Implicações de mercado: quem ganha e quem perde
A declaração de Huang tem consequências diretas para o ecossistema de IA global:
- Nvidia consolida sua posição como "a NVIDIA" da era da IA — não apenas como fornecedora de hardware, mas como guardiã da infraestrutura sobre a qual a AGI opera. A empresa inúmersos contratos de долгосрочный fornecimento com Microsoft, Google, Amazon e Meta, totalizando mais de US$ 200 bilhões em compromissos de compra firmados entre 2024 e 2025.
- Startups de chips de IA reciben новые pressão: empresas como Groq, Cerebras e SambaNova apostam em arquiteturas alternativas (LPUs, memórias on-chip) para competir no infraestrutura de inferência, mas a dominância da Nvidia no treinamento permanece quase imbatível.
- OpenAI, Anthropic e Google DeepMind: as três empresas que lideram a corrida pela AGI veem suas valuations explodirem. A OpenAI, por exemplo, atingiu um valuation de US$ 340 bilhões após sua rodada série J em 2025, enquanto a Anthropic levantou US$ 3,5 bilhões em seu último financiamento.
Relevância para a América Latina
Para a América Latina, a afirmação de Huang funciona como um duplo sinal:
- Oportunidade: a redução de custos de treinamento permite que universidades, governos e startups da região acessem modelos de última geração por uma fração do custo anterior. O Brasil, com seu ecossistema de mais de 800 startups de IA (dados da ABStartups 2025), está posicionado para se beneficiar diretamente.
- Risco: a dependência de infraestruturauda — majoritariamente operada por empresas dos EUA — cria vulnerabilidades regulatórias e geopolíticas. O Marco Legal da IA no Brasil (PL 2338/2023) e a Estrategia Nacional de IA do México buscam mitigar esse gap, mas os investimentos públicos ainda estão distantes do volume necessário.
Países como Chile (com seu hub de inovação em Santiago) e Colômbia (que abriu licitações para IA governamental em 2025) avançam em políticas de dados, mas a lacuna de semicondutores permanece um obstáculo estrutural. A região representa menos de 2% do mercado global de GPU, o que limita a capacidade local de treinamento de modelos próprios.
O que esperar: ceticismo, corrida e regulação
A comunidade científica recebeu a afirmação de Huang com uma mistura de interesse e desconfiança. Yoshua Bengio, vencedor do Turing Award e pioneiro em deep learning, declarou que prefere "ver a AGI antes de acreditar nela", enquanto Demis Hassabis, CEO do Google DeepMind, classificou a afirmação como "prematura, mas compreensível vindo de um player que lucra diretamente com a percepção de urgência no mercado".
Três fronts merecem atenção nos próximos meses:
- Definição formal de AGI: a MIT Technology Review e o AI Index da Universidade de Stanford trabalham em marcos de referência mais rigorosos — algo essencial para que a afirmação de Huang possa ser verificada de forma independente.

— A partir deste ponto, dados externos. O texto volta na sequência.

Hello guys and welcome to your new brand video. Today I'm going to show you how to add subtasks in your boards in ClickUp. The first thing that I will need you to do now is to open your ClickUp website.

- Regulação acelerada: a União Europeiaimplementou as primeiras cláusulas do AI Act em 2025, e o Congresso dos EUA analisa um projeto de lei que exigiria disclosures obrigatórios para empresas que declarassem ter atingido AGI. No Brasil, a Câmara dos Deputados deve votar o PL 2338/2023 até o segundo semestre de 2026.

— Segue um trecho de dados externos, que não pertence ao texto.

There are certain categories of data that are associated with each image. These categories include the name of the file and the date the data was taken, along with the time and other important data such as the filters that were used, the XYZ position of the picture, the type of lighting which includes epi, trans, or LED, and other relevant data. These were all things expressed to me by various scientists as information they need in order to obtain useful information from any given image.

- Nova rodada de investimentos: se a AGI é real — ou mesmo se a percepção dela é real —, fundos de venture capital devem intensificar a alocação para IA na América Latina, com foco em agtech, healthtech e fintech.
A declaração de Jensen Huang pode ser, simultaneamente, uma avaliação técnica precisa, uma jogada estratégica de marketing corporativo e um ponto de inflexão na história da inteligência artificial. O que é inegável é que ela muda o tom da conversa: a questão deixa de ser "se" a AGI chegará e passa a ser "o que faremos agora que ela está aqui".
Para América Latina, a resposta a essa pergunta definirá, em grande parte, a próxima década de desenvolvimento tecnológico — e a janela para que a região deixe de ser apenas consumidora de IA para se tornar criadora dela se fecha a cada mês.